INFORMATION PROVIDED
--

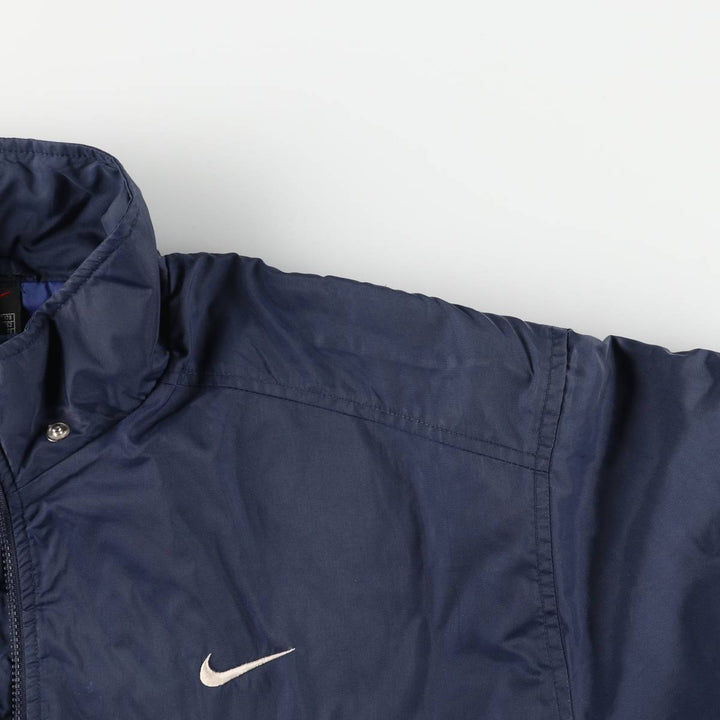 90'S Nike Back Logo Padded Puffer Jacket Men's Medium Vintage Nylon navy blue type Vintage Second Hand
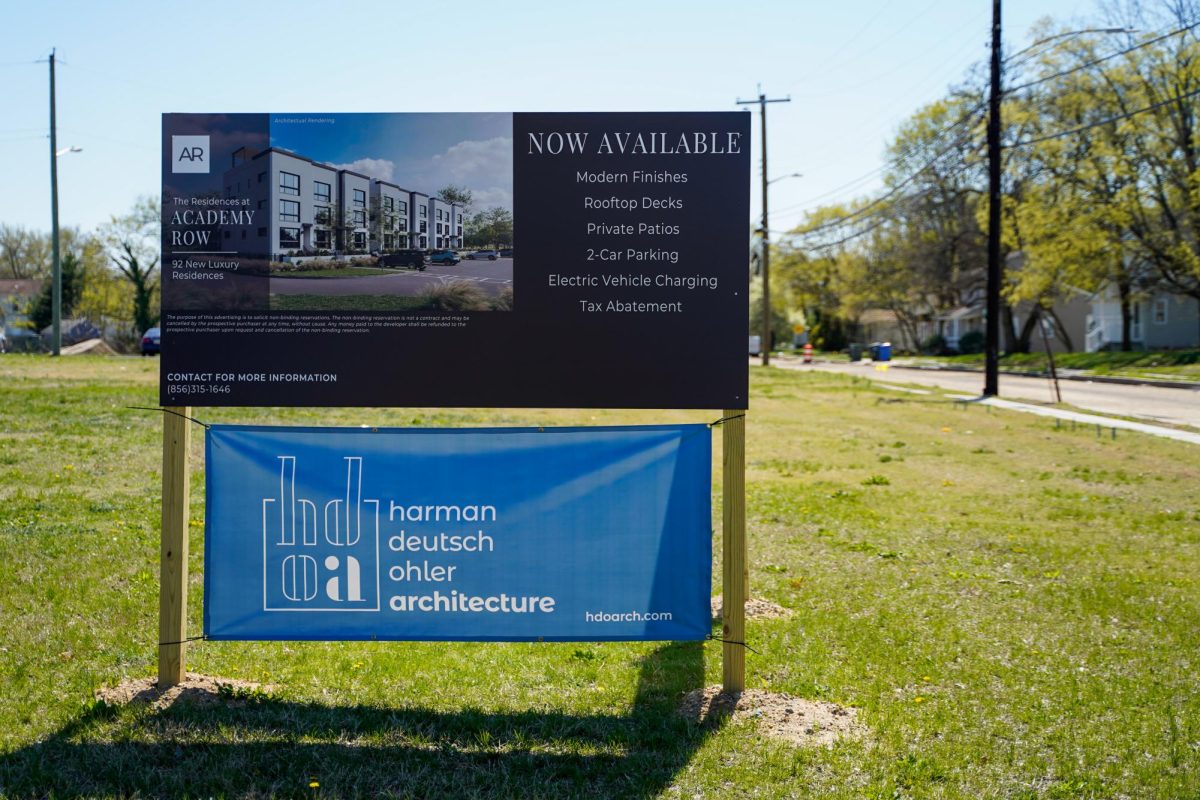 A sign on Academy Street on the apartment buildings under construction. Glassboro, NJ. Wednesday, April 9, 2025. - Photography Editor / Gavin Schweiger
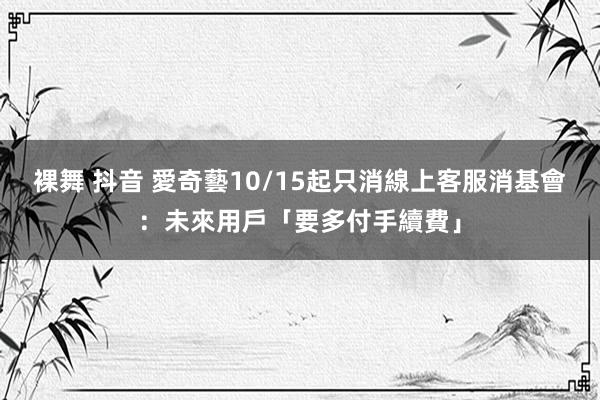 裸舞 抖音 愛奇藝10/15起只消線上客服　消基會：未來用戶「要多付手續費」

--

WHAT YOU NEED TO DO
Please copy the data shown above precisely, leaving the images out.

FINISHED EXERCISE
 90'S Nike Back Logo Padded Puffer Jacket Men's Medium Vintage Nylon navy blue type Vintage Second Hand
 A sign on Academy Street on the apartment buildings under construction. Glassboro, NJ. Wednesday, April 9, 2025. - Photography Editor / Gavin Schweiger
 裸舞 抖音 愛奇藝10/15起只消線上客服　消基會：未來用戶「要多付手續費」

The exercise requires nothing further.